# Good example of why PAH adoption scheme doesnt work....



## crofty (May 2, 2008)

You pay a donation to adopt these buns, they do not vacc or neuter them like rescues so what are you paying for? Majority of these adoptions are buns being returned to the store, so they cause the problem. This is why rescues are so important, they spay/neuter, vacc and are supportive, they know what they are doing.

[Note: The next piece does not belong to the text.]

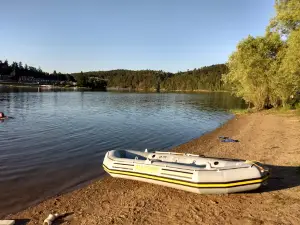 Camping Vranov U silver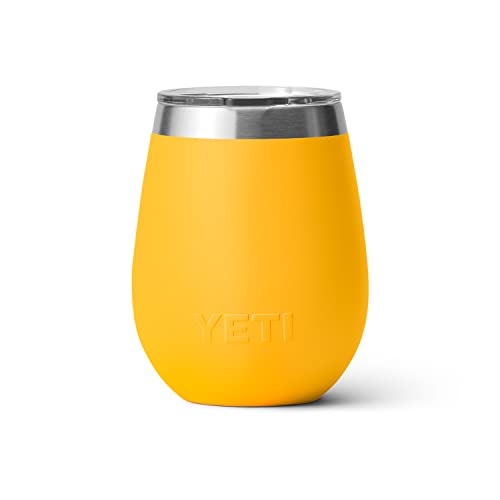 10 oz Wine Tumbler, Vacuum Insulated, Stainless Steel O409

I thought this was a brilliant example and a good reason to homecheck too. Read this little bunnies story:

Rabbit Rehome - Adopt a unwanted bunny from a rescue centre


----------



## umber (Feb 15, 2009)

That is just so so sad!


----------



## Nonnie (Apr 15, 2009)

I do think the "adoption" section encourages people to buy on a whim, and without accepting the full responsibility.

Its all to easy to buy a pet, then return it if it fails to live up to expectations, or the owner gets bored.

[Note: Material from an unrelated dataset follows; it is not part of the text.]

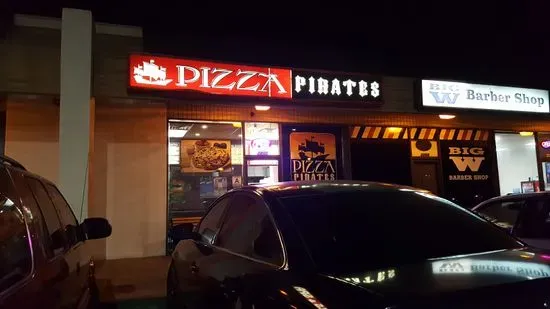 Pizza Pirates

I dont think they should be allowed to put their unsold animals into there either.

I got Norbert from the [email protected] adoption bit, and i only paid £10 for him. They say the money goes to charity, but im really not convinced.


----------



## colliemerles (Nov 2, 2007)

awww poor little princess, hopefully a nice home for her soon,


----------



## Kammie (Apr 4, 2009)

I so wish I could take her but I don't live anywhere near.


----------



## crofty (May 2, 2008)

Looks like she is reserved already!!! A lady is adopting another special needs bun from the same rescue, she adopts diasbled/elderly buns and has a fabulous home for them, she has offered her a home too


----------



## Pampered pets (Jun 20, 2009)

Aww that is so sad, i really dont like pets at home at all.

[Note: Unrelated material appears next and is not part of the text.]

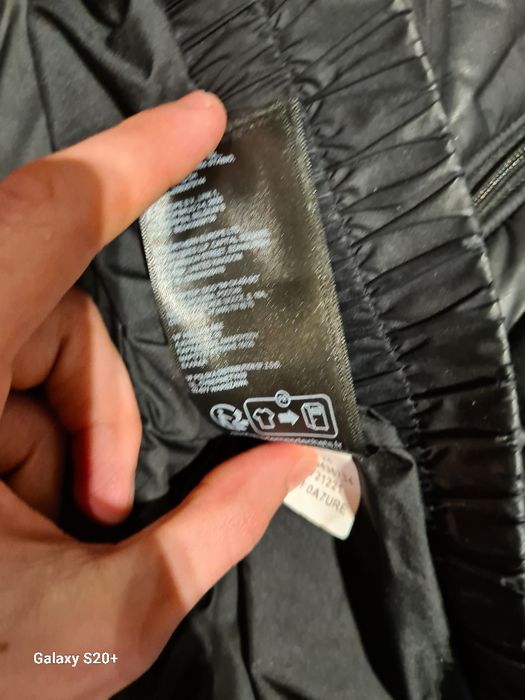 Kurtka przeciw deszczowa Ciepła TheNorthFace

hope she finds a home soon.


----------



## frags (Feb 5, 2009)

oh thats such a sad story i hope she finds a loving owner very soon!


----------



## frags (Feb 5, 2009)

wow that was quick!!! good luck little princess x


----------



## Kammie (Apr 4, 2009)

Aww thats good news now she has a chance at being happy


----------



## crofty (May 2, 2008)

Yep its been confirmed, i actually have a tear in m eye she will have a fantastic loving experienced home, im a sucker for a happy ending


----------



## frags (Feb 5, 2009)

crofty said:


> Yep its been confirmed, i actually have a tear in m eye she will have a fantastic loving experienced home, im a sucker for a happy ending


awww i got goose bumps too 
im told im a sucker for a sob story lol


----------



## Nonnie (Apr 15, 2009)

Ive seen a bunny i want


----------



## crofty (May 2, 2008)

Nonnie said:


> Ive seen a bunny i want


Where Nonnie? x


----------



## Nonnie (Apr 15, 2009)

crofty said:


> Where Nonnie? x


On the rabbit rehome site.

I must not look at such places.


----------



## crofty (May 2, 2008)

Nonnie said:


> On the rabbit rehome site.
> 
> I must not look at such places.


haha which one show me? I really shouldnt look either, its very tempting sometimes!!


----------



## Nonnie (Apr 15, 2009)

Rabbit Rehome - Adopt a unwanted bunny from a rescue centre

Im really loving the English buns.

EDIT: I like this little guy aswell..

http://www.rabbitrehome.org.uk/moreinfo.asp?RabID=14814


----------



## colliemerles (Nov 2, 2007)

oh no,!! i must not look, i have 4 allready, i only ment to have 2, but someone knocked on my door and ask me to rehome there two,  so i must not look at any more,,,,,,,,,,,,,,,,,,,,,,well maybe just a quick look,


----------



## umber (Feb 15, 2009)

awww big hugs for BP and mopsy too!


----------



## crofty (May 2, 2008)

Nonnie said:


> Rabbit Rehome - Adopt a unwanted bunny from a rescue centre
> 
> Im really loving the English buns.
> 
> ...


ooooooo yes those are pretty!!!


----------



## umber (Feb 15, 2009)

umber said:


> awww big hugs for BP and mopsy too!


lol I just realised I replied this in teh wrong post DOH!


----------



## frags (Feb 5, 2009)

umber said:


> lol I just realised I replied this in teh wrong post DOH!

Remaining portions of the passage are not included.